The Discomfort of the In-Between
Between what was and what’s coming
Lately, I’ve been sensing a shift within myself.
I’ve spent quite some time now unpacking my own patterns: the triggers that throw me off balance, the stories I tell myself, the beliefs that once protected me but now hold me back.
More and more, I’m starting to see them clearly.
Not always right away and not without resistance, but I recognize them.
And I feel this urge to live differently. Not just in words, but in actual choices.
To live more honestly, more gently, and more in tune with what feels true.
I’ve also started speaking up more. To myself, to others.
But what this change is going to look like, how it will take form…
That’s still unclear.
And that’s exactly where I am right now:
In the space where the old no longer works,
but the new hasn’t yet revealed itself.
It’s not chaos. It’s not drama.
It’s more like a quiet pause. A waiting. A not-knowing.
And honestly? That’s not an easy place to be in.
The in-between as a place of its own
We’re used to wanting clarity, control, direction.
But some phases just won’t be rushed.
You may know what you’re done with: a certain dynamic, a way of living, a relationship with yourself.
But what comes next?
That part’s still blank.
We often call it “not knowing,” as if it’s a glitch in the system. Something to solve as soon as possible.
But what if this not-knowing isn’t a detour?
What if it’s a place in and of itself?
A space that’s slow, unclear, maybe even boring. But also honest, quiet, real.
The longer I allow myself to be here, the less panic I feel.
This isn’t a mistake.
It’s part of the process.
Why it’s so uncomfortable
We were raised in a culture that values performance, productivity and having answers.
There’s no real room for uncertainty or transition.
We tend to label doubt, emptiness or confusion as being stuck.

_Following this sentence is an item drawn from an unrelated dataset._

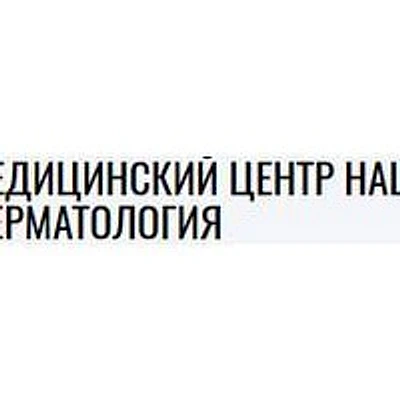 Клиника «Наша Дерматология»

But what if that’s exactly where real transformation begins. Not from the mind, but from a deeper place?
And that kind of change doesn’t follow a timeline.

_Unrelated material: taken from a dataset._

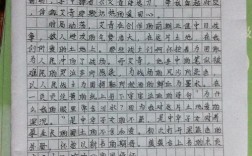 学后感诗歌，如何写出真感悟？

It asks for space, softness and above all: the willingness to not rush.
What helps me, when I remember, is simply allowing myself to not know, and letting that be okay.

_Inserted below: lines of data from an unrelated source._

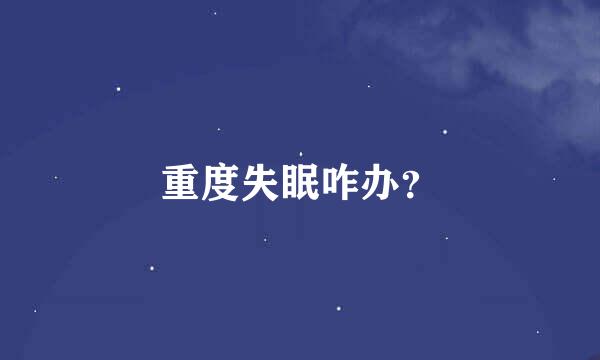 重度失眠咋办？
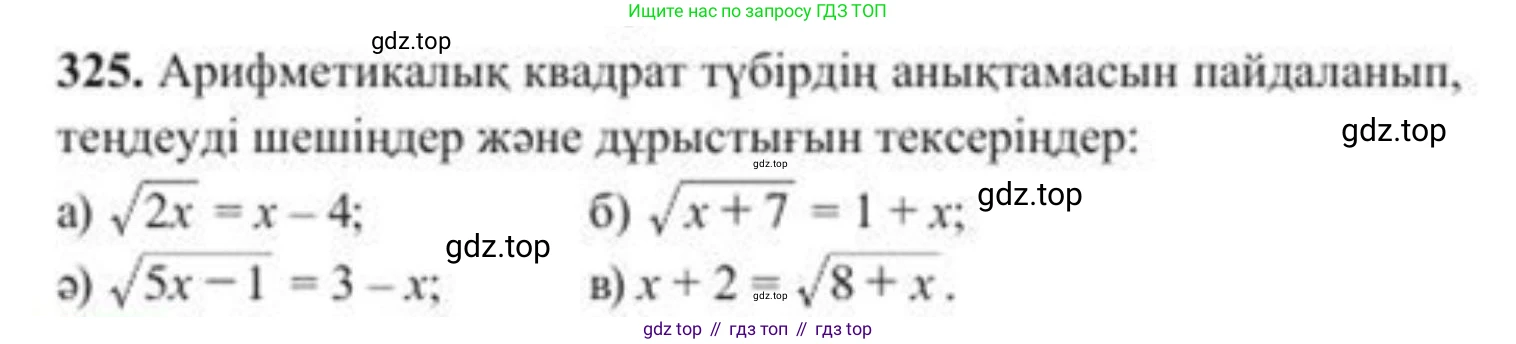 ГДЗ Алгебра, 8 класс Учебник, авторы: Солтан Генадий Николаевич, Солтан Алла Евгеньевна, Жумадилова Аманбала Жумадиловна, издательство Кокшетау, Алматы, 2018, страница 89, номер 325, Условия КЗ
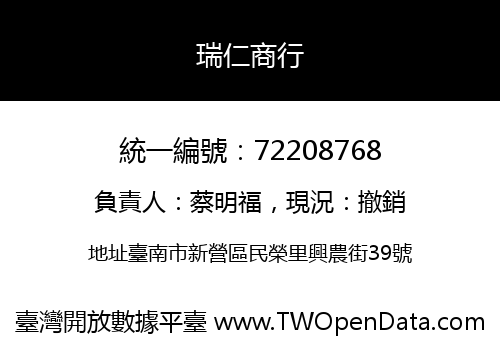 瑞仁商行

Small rhythms like eating well, moving my body and getting rest give me a bit of grounding when everything else feels wobbly (which is no small feat with a young child).
Conversations where I don’t have to explain myself help too.
Leaving space in my calendar. Doing less, feeling more.
And mostly, resisting the urge to find answers before they’re ready to come.
Sometimes you just have to stay in the fog.
Not forever, but long enough to not betray yourself in your hurry to escape it.
Why not-knowing isn’t a flaw, but a functional phase
It’s tempting to treat the in-between as a problem. Something that blocks you from where you were and where you’re meant to be.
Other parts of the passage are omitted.